> **WHAT IS NEEDED**:
Repeat, exactly as written, the lines from the one with "Продажа 1-комнатной квартиры" to the final line of the listing, and keep every picture out.

### GIVEN INFORMATION ###

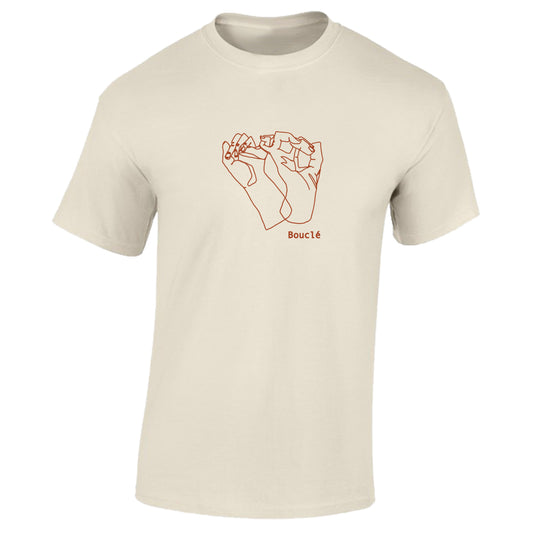 Interlinked Hands Screen Printed Ecru Short Sleeved T-Shirt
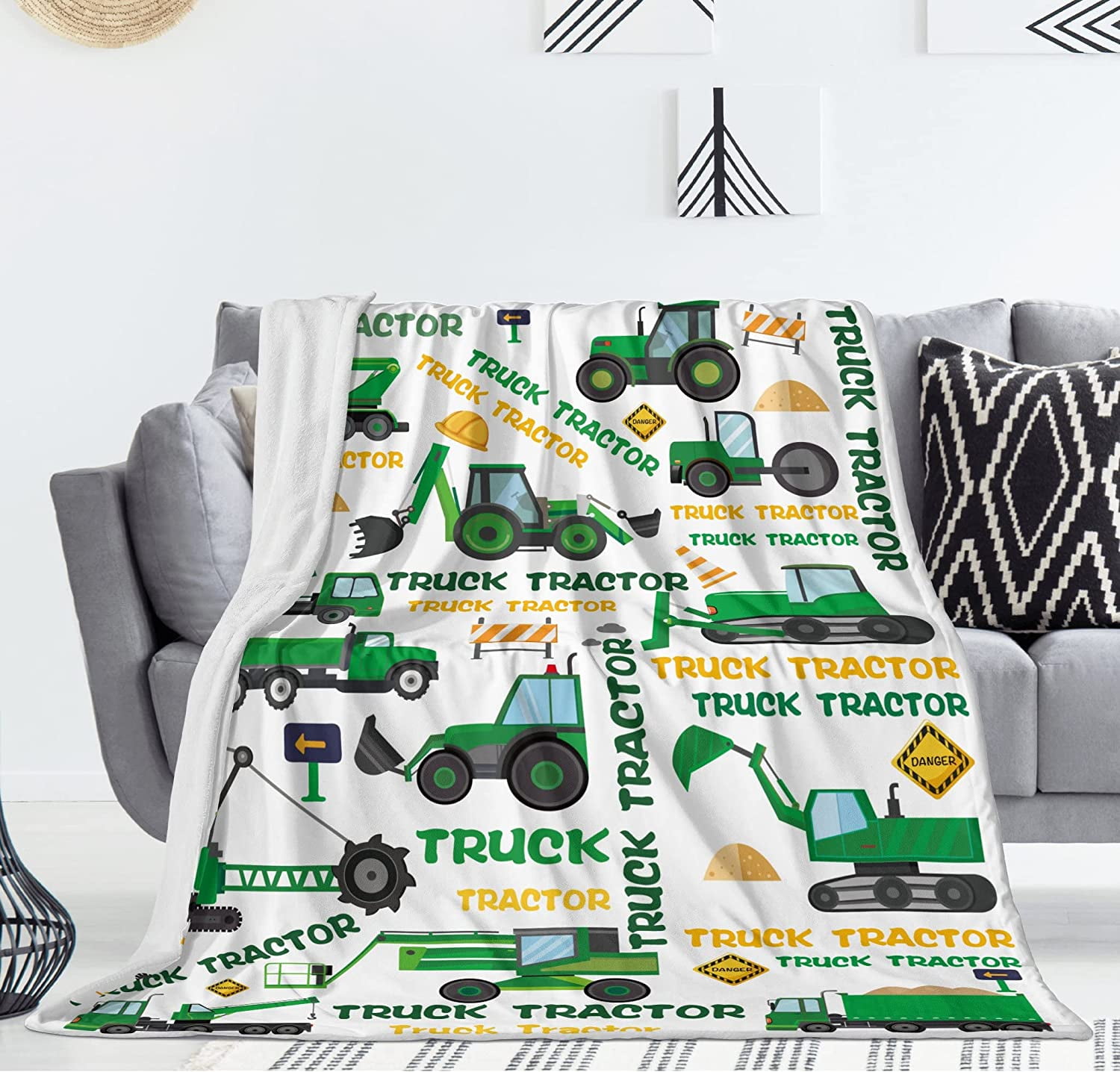 JOOCAR Construction Truck Blanket Boys Excavator Plush Throw Blanket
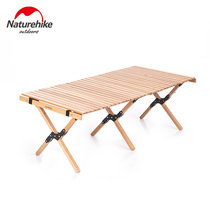 Solid Wood Portable Egg Roll Table Outdoor Self Driving Tour Camping Multifunction Picnic Folding Table Small Family Style Strip Short Table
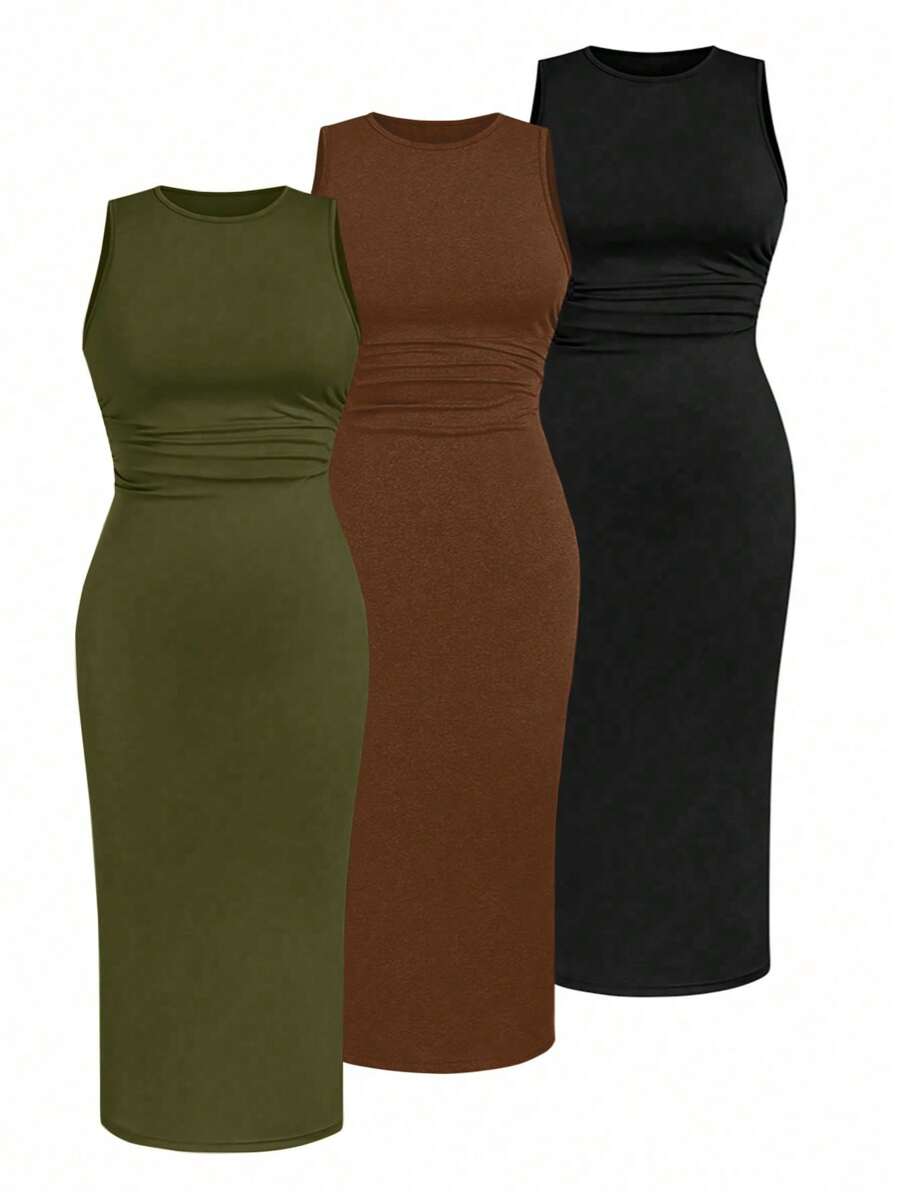 Calvaya Plus Size Women's Spring/Summer Knit High Elasticity Round Neck Sleeveless Solid Color Waist Cinched Bodycon Slim Dress, Green/Brown/Black, 3-Piece Set, Regular Minimalist Commuter Sexy - Multicolor - View 1
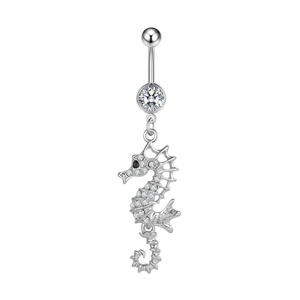 <span class=keywords><strong>Piercing</strong></span> Sexy de <span class=keywords><strong>Acero</strong></span> Quirúrgico para Mujer, Joyería PARA EL Cuerpo, Hipocampo, Colgante de <span class=keywords><strong>Ombligo</strong></span>, 14g - Product Image 1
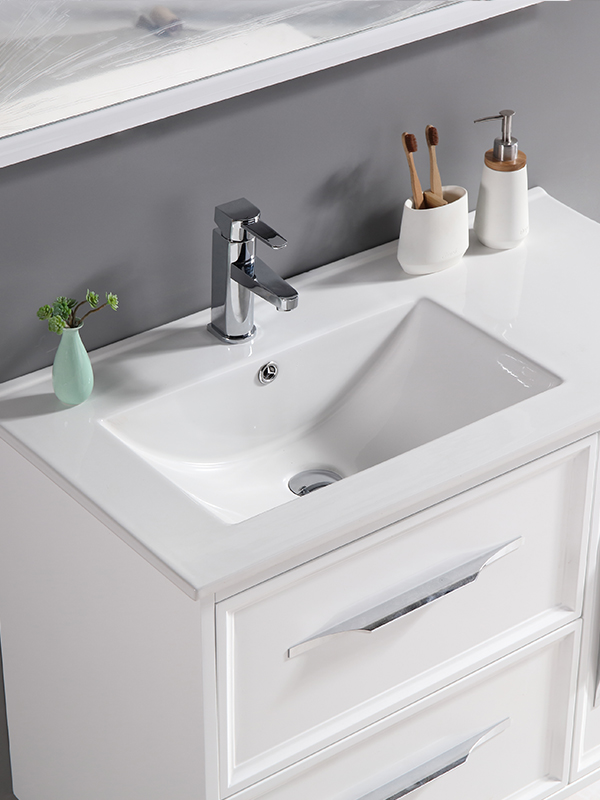 Set di mobili da bagno sospesi a parete Modern Elegent da 90 cm con lavabo in ceramica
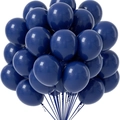 Deep blue thickened matte latex balloons with blue ribbons for party decorations - Retro Night Blue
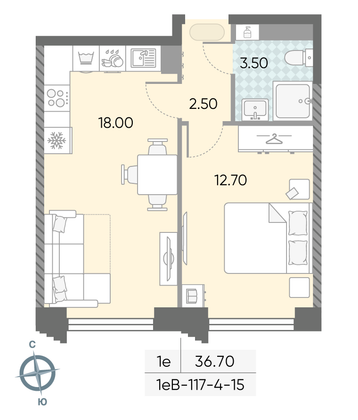 Продажа 1-комнатной квартиры 36,7 м², 14/58 этаж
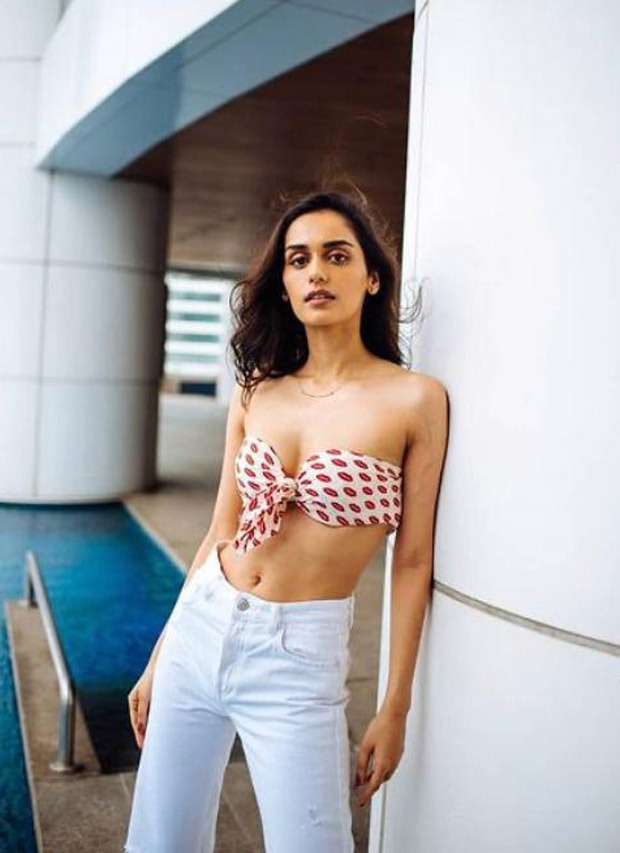 Manushi Chillar raises oomph factor in strapless printed bralette and skinny jeans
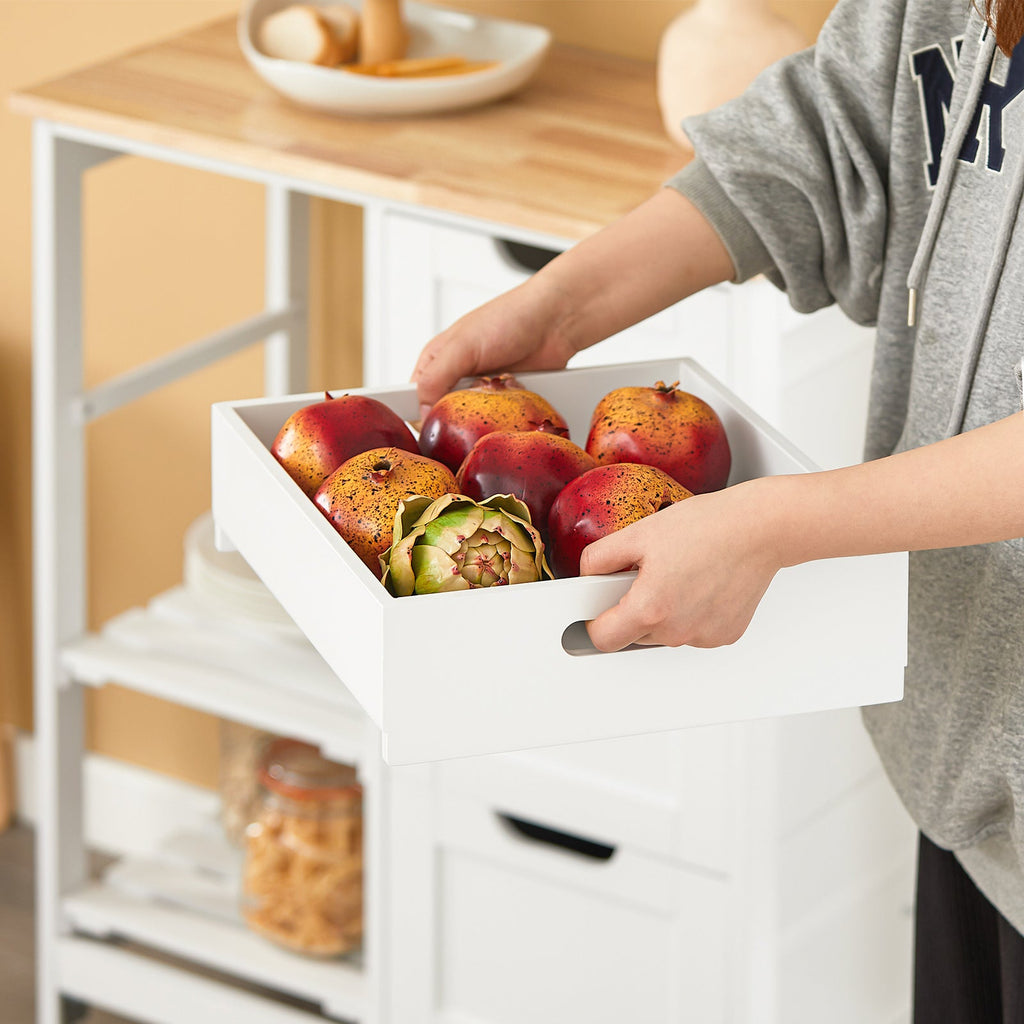 SoBuy FKW79-W Desserte Cuisine avec Roulettes et 3 Tiroirs, Mobile, pour Cuisine et Salle à Manger, Rangement Optimisé, Usage Quotidien – L68×P38×H85 cm, Blanc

###

> **RESPONSE TO THIS EXERCISE**:
 Продажа 1-комнатной квартиры 36,7 м², 14/58 этаж
 Manushi Chillar raises oomph factor in strapless printed bralette and skinny jeans
 SoBuy FKW79-W Desserte Cuisine avec Roulettes et 3 Tiroirs, Mobile, pour Cuisine et Salle à Manger, Rangement Optimisé, Usage Quotidien – L68×P38×H85 cm, Blanc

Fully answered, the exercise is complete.